Still, I’ve always been the one to look for the clever solution.
But the reality is usually there was no secret to their success. I spent all my time looking for shortcuts and they spent their time showing up to practice. A lot of this I would attribute to my affinity to puzzle games. But life is a grindy grindy game. The answer seemed to just be spend a lot of time and work on it.
For others, it’s enough to just call them genetically talented and give up. I always found this to be a defeatist answer though. Remember these people are actually just inperceptively smart. But I’ve found that if you really worked that hard, the comparison is not really that unbelievable. It’s just easier to call it impossible or they had unattainable gifts to give up.

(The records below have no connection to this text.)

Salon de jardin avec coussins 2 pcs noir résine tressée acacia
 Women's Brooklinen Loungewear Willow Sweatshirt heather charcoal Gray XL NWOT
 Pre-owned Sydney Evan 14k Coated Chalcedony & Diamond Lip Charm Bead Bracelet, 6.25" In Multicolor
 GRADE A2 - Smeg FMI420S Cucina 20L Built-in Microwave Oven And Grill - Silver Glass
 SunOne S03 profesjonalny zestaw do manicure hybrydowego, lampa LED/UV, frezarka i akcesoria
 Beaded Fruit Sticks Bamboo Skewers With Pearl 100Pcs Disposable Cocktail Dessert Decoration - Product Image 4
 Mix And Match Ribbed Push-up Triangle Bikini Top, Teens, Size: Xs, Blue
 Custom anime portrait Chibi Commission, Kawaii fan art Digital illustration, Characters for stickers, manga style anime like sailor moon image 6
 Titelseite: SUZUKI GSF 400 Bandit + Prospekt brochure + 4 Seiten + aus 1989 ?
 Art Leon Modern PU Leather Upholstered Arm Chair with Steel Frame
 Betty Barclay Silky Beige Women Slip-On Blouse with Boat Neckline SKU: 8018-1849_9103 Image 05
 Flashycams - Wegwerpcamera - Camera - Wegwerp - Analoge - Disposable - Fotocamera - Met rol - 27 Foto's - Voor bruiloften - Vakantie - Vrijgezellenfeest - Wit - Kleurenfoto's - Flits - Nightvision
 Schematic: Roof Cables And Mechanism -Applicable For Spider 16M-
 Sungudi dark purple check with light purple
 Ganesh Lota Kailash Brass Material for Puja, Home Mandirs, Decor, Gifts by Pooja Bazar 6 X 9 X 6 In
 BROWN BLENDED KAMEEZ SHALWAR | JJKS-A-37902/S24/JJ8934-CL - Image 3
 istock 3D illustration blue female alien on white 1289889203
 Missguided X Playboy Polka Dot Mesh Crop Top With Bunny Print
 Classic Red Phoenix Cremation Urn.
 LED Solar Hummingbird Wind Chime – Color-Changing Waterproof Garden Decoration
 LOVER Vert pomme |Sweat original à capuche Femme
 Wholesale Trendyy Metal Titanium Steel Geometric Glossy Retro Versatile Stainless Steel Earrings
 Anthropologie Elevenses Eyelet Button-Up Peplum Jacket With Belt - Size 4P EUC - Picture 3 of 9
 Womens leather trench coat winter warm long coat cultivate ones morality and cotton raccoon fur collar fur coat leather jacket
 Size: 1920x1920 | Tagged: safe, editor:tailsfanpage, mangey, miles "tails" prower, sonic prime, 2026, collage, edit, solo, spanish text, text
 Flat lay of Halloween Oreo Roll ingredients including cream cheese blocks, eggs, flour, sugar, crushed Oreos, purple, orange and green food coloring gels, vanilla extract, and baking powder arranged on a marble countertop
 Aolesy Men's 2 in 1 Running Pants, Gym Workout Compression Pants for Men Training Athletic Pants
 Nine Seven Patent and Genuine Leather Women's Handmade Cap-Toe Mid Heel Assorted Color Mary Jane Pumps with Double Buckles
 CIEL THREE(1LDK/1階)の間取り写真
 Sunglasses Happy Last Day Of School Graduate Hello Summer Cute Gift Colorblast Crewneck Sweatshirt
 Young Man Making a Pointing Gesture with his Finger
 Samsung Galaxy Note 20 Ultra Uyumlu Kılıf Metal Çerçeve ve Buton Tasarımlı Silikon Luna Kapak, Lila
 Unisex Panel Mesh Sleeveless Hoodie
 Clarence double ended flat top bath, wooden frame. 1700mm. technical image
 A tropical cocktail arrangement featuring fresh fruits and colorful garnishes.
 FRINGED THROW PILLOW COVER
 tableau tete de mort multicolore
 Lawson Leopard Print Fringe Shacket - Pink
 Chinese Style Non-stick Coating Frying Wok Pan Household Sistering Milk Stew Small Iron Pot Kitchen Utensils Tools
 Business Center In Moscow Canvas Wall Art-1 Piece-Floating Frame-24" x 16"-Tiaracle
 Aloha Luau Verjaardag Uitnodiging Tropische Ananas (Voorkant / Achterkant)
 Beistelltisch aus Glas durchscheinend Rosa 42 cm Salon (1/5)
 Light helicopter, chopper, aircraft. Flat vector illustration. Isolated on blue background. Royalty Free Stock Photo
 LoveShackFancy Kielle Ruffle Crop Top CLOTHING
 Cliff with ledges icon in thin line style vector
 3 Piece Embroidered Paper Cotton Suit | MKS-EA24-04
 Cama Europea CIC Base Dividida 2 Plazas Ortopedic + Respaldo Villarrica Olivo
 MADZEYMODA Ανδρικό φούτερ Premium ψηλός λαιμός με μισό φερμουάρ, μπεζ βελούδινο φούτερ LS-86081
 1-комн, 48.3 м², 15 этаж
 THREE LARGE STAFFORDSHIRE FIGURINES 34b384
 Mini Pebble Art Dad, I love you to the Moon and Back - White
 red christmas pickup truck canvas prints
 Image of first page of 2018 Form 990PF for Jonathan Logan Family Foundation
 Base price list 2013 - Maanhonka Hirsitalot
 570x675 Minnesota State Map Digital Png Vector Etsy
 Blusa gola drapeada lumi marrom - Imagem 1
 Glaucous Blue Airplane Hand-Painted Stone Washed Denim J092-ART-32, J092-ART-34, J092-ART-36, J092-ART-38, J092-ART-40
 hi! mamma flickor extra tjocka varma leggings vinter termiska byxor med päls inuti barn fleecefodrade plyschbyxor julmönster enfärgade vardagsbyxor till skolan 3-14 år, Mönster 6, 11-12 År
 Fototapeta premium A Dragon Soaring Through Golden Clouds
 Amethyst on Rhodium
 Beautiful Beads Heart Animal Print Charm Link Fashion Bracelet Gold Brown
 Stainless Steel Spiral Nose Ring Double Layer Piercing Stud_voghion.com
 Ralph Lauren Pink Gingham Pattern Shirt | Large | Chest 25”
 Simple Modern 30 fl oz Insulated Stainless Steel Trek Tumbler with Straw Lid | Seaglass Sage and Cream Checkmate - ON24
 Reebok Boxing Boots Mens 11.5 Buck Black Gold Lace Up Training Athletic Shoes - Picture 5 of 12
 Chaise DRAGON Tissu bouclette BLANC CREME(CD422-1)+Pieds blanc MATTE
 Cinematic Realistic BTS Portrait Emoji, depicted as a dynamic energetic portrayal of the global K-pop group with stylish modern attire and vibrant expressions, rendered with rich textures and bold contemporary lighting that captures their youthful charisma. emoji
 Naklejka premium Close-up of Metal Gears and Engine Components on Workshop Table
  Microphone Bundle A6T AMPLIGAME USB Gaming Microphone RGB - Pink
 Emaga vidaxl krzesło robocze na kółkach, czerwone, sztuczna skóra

Most people really are following a script. Most people really don’t want it that bad. Most people aren’t doing much at all. Most people think it’s too boring. Most people think it’s too hard. Most people don’t have time. Most people won’t. And that’s OK. Everyone can live however they’d like.
A lot of people want to be spectacular in life, but also want to be normal in life. You can’t do what everyone else has done and expect not to get what everyone else does.
But doing something everyday and showing up is how you can get ahead of people that in even a few months can make you unrecognizable. It depends on how niche something is, but if you even study a specific problem for several weeks, you are now an expert on that subject now. Because most people have spent no time at all on that subject matter. So in this case, how do I build a habit to get ahead of everyone else?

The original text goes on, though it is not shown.